What to work on: Two lines in the listing below mark the span: one contains "urbisaglia - anfiteatro romano" and one contains "Luxury 5500 Sq". Reproduce both of them and everything between, exactly.

Provided records:
————————
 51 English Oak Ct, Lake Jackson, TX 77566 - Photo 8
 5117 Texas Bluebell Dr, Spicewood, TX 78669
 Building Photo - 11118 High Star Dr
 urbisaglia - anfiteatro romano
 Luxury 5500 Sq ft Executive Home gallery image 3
————————
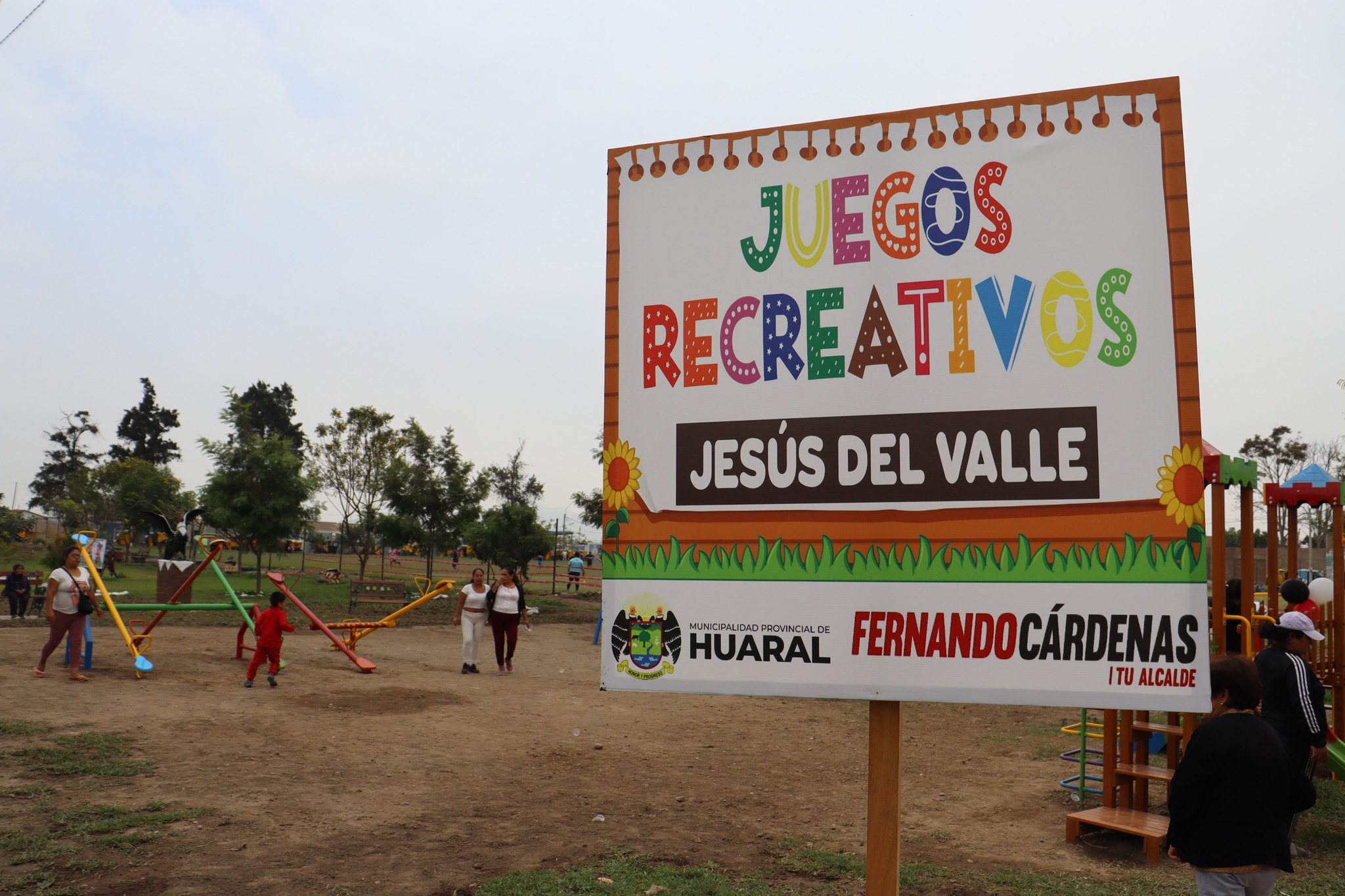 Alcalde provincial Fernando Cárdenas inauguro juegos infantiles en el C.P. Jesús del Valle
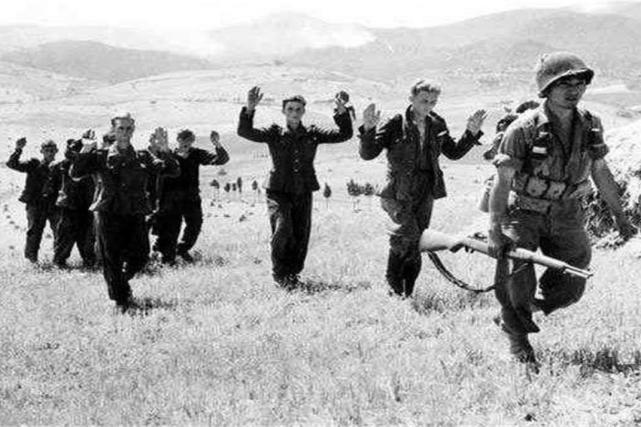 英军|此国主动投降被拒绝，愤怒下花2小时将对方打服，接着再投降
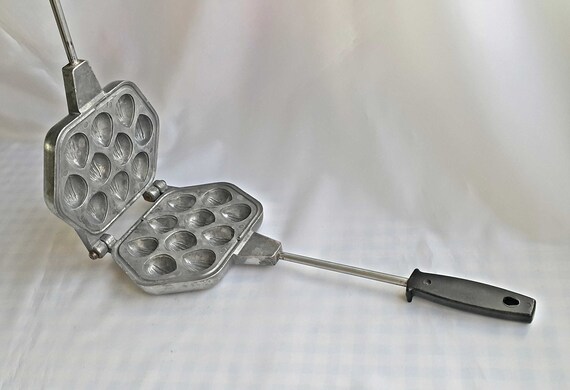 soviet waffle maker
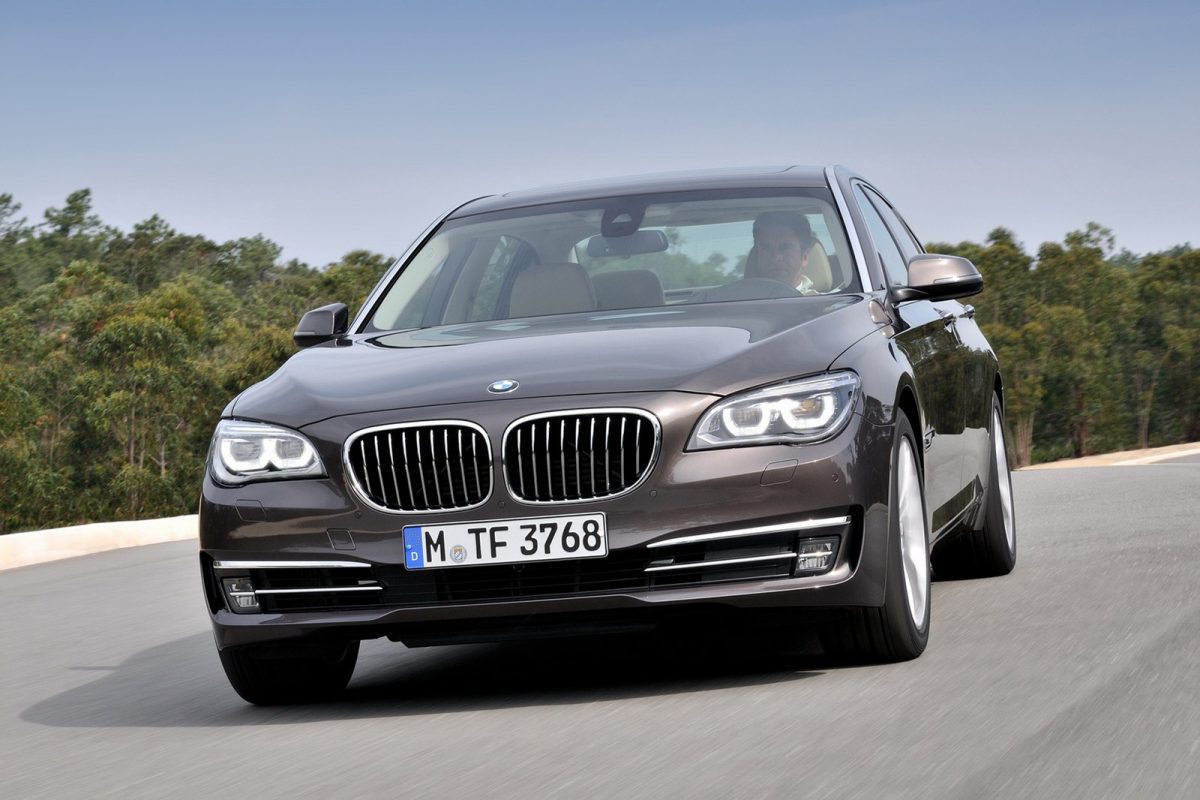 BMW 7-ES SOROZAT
————————
Answer to the problem:
 urbisaglia - anfiteatro romano
 Luxury 5500 Sq ft Executive Home gallery image 3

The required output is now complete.